What you have to do: The word "Satchel" marks the lines to copy; find all of them in the entries below.
[[ Provided records open ]]
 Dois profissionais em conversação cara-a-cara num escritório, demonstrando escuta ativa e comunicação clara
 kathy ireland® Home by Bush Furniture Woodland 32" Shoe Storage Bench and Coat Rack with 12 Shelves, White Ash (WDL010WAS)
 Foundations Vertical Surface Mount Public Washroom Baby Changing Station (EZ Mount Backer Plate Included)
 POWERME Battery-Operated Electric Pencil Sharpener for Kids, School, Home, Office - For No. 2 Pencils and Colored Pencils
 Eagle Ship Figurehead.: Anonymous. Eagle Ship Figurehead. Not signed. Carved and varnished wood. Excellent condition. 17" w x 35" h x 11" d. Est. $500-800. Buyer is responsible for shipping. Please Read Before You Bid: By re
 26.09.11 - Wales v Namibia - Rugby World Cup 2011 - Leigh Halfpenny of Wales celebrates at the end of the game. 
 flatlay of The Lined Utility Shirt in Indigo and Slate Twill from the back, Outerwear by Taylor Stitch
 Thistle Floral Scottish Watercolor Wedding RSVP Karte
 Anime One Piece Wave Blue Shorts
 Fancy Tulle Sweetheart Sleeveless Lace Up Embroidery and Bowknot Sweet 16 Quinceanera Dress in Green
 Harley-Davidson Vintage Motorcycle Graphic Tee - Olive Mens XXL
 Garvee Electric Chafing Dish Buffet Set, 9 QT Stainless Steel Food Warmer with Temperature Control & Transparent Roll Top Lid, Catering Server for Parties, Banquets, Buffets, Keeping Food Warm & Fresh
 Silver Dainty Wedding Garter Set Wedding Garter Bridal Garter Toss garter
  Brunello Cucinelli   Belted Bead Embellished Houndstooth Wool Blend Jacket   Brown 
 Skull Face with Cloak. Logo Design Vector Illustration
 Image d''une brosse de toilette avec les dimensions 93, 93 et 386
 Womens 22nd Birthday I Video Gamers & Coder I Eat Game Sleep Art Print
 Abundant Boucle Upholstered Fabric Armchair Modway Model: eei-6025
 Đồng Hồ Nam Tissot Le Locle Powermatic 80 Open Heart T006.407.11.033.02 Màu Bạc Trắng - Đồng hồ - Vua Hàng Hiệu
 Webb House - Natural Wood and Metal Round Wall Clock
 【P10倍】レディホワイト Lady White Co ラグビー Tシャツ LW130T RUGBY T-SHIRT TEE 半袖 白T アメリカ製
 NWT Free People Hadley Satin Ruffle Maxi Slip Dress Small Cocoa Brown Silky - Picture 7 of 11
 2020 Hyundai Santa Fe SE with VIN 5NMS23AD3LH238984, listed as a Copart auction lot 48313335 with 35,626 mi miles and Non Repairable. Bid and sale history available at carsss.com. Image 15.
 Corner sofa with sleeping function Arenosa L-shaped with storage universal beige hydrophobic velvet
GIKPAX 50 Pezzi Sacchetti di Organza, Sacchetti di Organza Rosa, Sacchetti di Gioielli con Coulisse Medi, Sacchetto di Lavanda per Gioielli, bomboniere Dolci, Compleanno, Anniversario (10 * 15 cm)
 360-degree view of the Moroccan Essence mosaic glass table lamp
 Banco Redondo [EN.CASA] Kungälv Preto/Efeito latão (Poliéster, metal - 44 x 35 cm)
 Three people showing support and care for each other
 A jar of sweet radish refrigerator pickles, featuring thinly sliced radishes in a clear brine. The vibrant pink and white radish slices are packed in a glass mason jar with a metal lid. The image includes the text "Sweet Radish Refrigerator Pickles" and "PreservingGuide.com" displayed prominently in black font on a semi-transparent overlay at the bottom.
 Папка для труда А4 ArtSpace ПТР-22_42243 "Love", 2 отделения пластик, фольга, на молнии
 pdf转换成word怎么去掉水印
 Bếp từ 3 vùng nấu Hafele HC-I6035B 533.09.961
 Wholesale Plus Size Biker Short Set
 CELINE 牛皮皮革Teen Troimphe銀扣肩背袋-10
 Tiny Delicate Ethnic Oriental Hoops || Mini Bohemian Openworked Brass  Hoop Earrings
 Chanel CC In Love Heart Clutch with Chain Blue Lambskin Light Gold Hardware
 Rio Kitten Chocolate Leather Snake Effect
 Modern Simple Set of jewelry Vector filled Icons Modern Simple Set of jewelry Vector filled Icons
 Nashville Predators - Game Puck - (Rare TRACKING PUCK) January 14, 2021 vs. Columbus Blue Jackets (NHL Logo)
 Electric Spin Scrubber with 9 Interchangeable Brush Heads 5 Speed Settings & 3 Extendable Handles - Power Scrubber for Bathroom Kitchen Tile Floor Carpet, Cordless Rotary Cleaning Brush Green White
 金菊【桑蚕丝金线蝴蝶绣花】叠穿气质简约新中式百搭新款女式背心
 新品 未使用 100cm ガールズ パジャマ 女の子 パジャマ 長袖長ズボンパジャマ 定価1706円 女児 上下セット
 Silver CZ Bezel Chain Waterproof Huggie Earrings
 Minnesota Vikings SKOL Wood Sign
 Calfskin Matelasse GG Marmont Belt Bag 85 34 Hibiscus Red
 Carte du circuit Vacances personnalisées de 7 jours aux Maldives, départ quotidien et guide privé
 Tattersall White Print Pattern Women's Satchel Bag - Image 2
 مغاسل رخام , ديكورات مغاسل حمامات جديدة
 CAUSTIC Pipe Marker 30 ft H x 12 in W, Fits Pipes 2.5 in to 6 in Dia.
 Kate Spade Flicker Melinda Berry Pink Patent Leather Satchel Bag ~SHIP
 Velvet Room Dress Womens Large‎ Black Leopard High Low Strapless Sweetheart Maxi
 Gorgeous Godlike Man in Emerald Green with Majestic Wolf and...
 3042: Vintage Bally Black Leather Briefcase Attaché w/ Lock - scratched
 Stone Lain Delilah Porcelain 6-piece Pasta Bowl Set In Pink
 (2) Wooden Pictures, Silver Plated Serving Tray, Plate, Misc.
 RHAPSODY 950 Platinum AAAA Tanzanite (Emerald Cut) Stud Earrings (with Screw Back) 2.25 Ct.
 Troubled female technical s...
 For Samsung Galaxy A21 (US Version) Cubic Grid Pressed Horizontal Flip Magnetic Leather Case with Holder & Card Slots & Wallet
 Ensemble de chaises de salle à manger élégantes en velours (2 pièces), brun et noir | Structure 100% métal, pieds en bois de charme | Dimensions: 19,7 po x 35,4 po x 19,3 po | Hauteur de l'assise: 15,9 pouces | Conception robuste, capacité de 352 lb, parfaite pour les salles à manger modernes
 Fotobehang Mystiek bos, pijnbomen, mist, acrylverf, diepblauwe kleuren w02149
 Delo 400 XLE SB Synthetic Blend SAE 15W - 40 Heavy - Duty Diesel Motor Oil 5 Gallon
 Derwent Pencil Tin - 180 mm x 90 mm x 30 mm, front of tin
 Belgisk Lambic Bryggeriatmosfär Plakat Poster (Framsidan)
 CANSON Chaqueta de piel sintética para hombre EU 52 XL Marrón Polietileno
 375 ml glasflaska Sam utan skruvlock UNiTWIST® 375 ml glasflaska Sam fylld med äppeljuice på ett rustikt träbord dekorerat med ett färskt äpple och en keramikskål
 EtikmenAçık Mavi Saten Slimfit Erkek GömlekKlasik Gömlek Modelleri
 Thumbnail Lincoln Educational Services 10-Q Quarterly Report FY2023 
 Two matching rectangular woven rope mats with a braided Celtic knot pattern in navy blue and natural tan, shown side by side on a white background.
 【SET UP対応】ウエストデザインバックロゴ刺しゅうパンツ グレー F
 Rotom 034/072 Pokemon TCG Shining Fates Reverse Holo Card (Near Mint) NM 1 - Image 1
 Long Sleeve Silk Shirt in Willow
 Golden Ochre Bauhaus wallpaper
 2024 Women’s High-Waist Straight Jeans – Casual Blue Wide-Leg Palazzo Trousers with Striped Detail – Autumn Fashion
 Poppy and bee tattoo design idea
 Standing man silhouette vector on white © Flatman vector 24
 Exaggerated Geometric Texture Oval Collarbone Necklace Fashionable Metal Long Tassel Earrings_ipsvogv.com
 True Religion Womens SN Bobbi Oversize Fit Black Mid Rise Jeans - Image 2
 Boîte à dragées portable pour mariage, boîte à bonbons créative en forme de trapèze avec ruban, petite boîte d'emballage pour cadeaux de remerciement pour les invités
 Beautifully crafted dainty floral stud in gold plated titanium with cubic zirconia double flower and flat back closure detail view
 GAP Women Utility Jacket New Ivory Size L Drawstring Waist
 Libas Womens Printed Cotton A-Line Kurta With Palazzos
[[ Provided records closed ]]
Response box:
 Tattersall White Print Pattern Women's Satchel Bag - Image 2
 Kate Spade Flicker Melinda Berry Pink Patent Leather Satchel Bag ~SHIP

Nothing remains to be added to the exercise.